START Supplied data

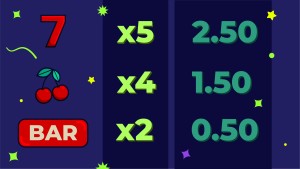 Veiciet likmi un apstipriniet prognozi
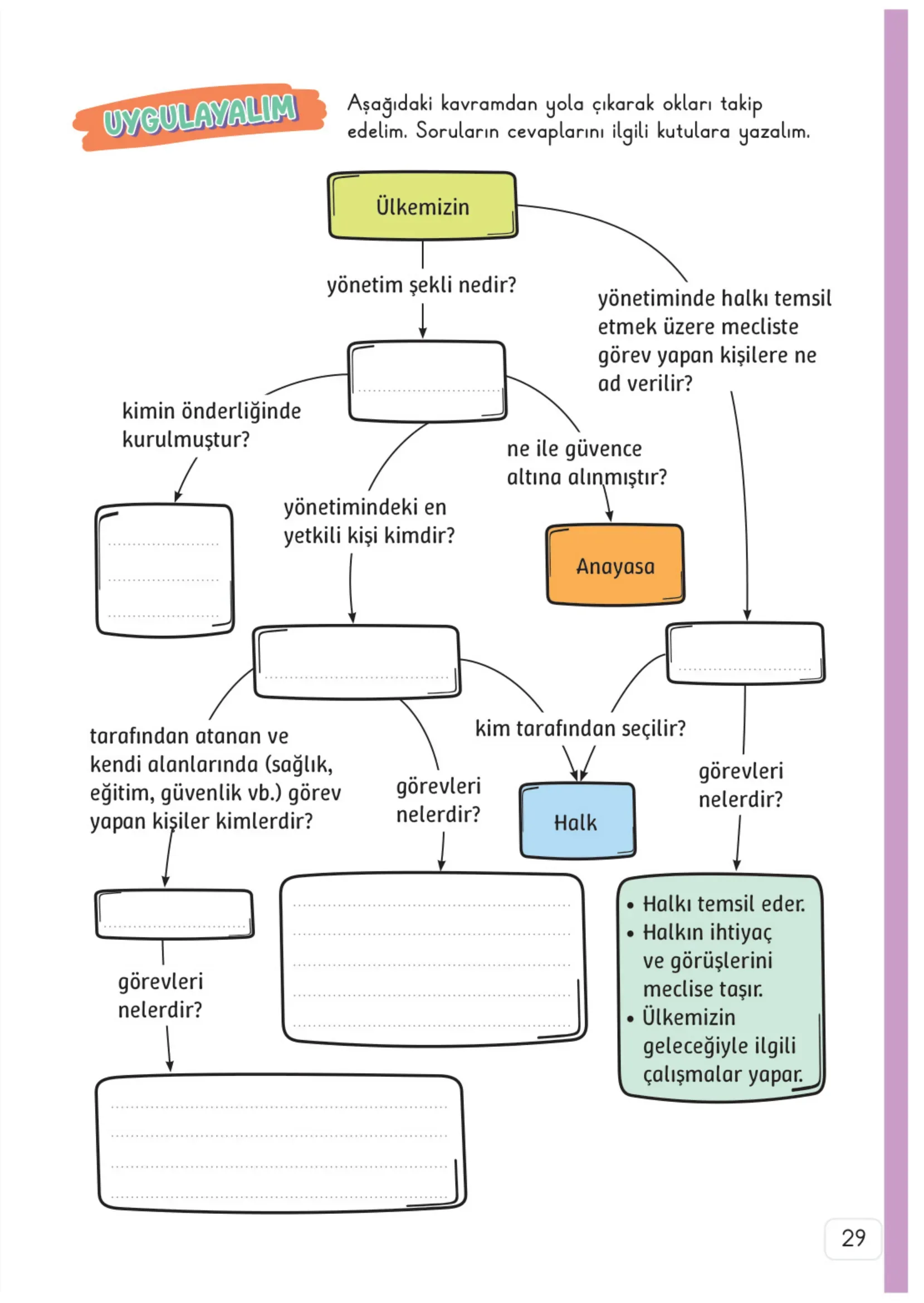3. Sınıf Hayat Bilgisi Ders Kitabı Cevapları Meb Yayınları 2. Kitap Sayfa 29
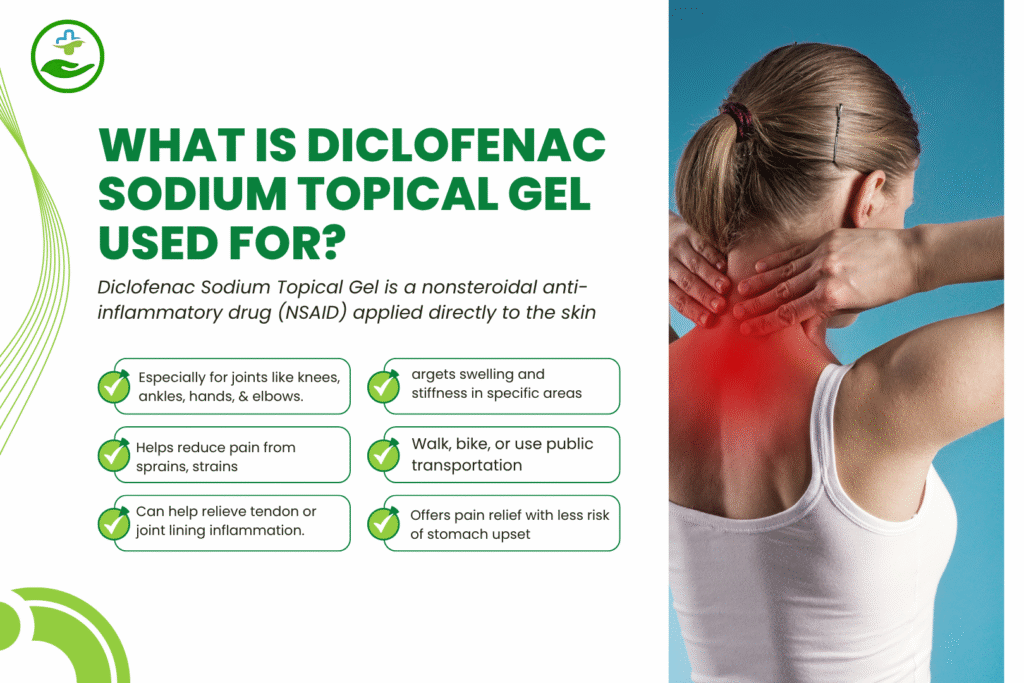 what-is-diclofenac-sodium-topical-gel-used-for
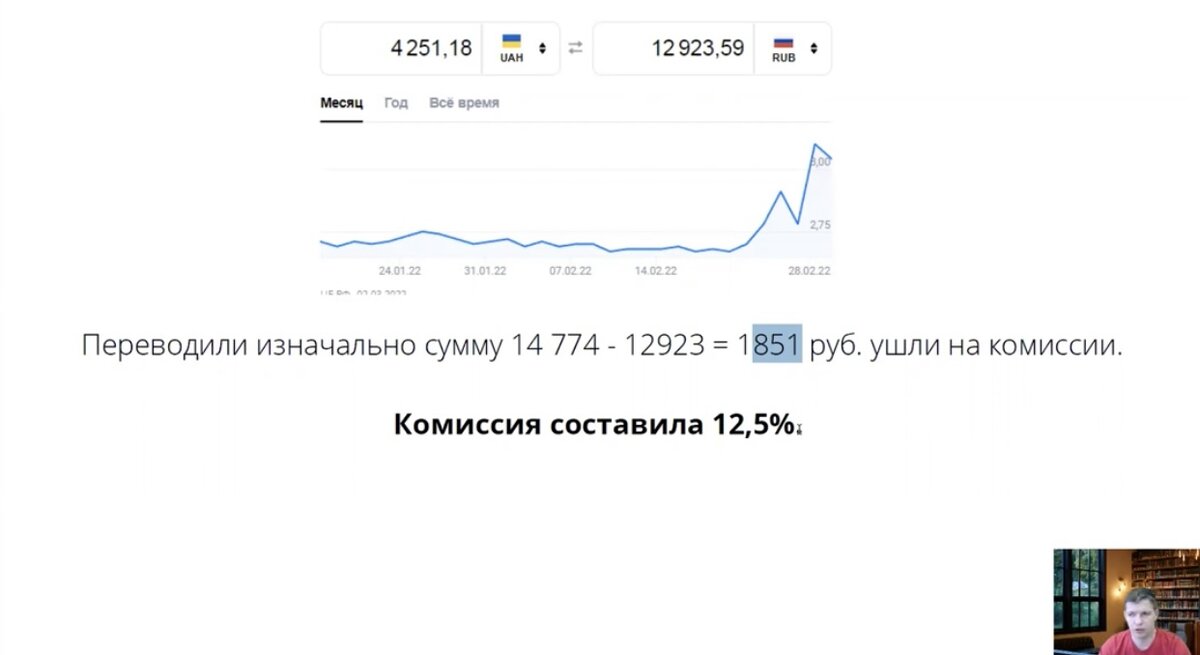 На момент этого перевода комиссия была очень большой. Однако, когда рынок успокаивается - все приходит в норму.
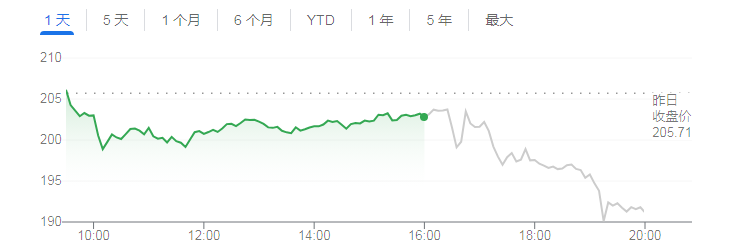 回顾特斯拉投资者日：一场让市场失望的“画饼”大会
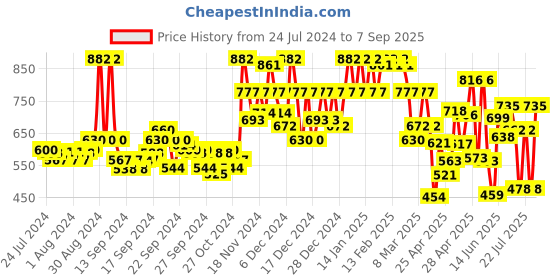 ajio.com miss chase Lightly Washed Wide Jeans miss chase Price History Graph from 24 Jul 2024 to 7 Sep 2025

END Supplied data

In your copy, repeat the records above exactly and include no images.

Exercise solution:
 Veiciet likmi un apstipriniet prognozi
3. Sınıf Hayat Bilgisi Ders Kitabı Cevapları Meb Yayınları 2. Kitap Sayfa 29
 what-is-diclofenac-sodium-topical-gel-used-for
 На момент этого перевода комиссия была очень большой. Однако, когда рынок успокаивается - все приходит в норму.
 回顾特斯拉投资者日：一场让市场失望的“画饼”大会
 ajio.com miss chase Lightly Washed Wide Jeans miss chase Price History Graph from 24 Jul 2024 to 7 Sep 2025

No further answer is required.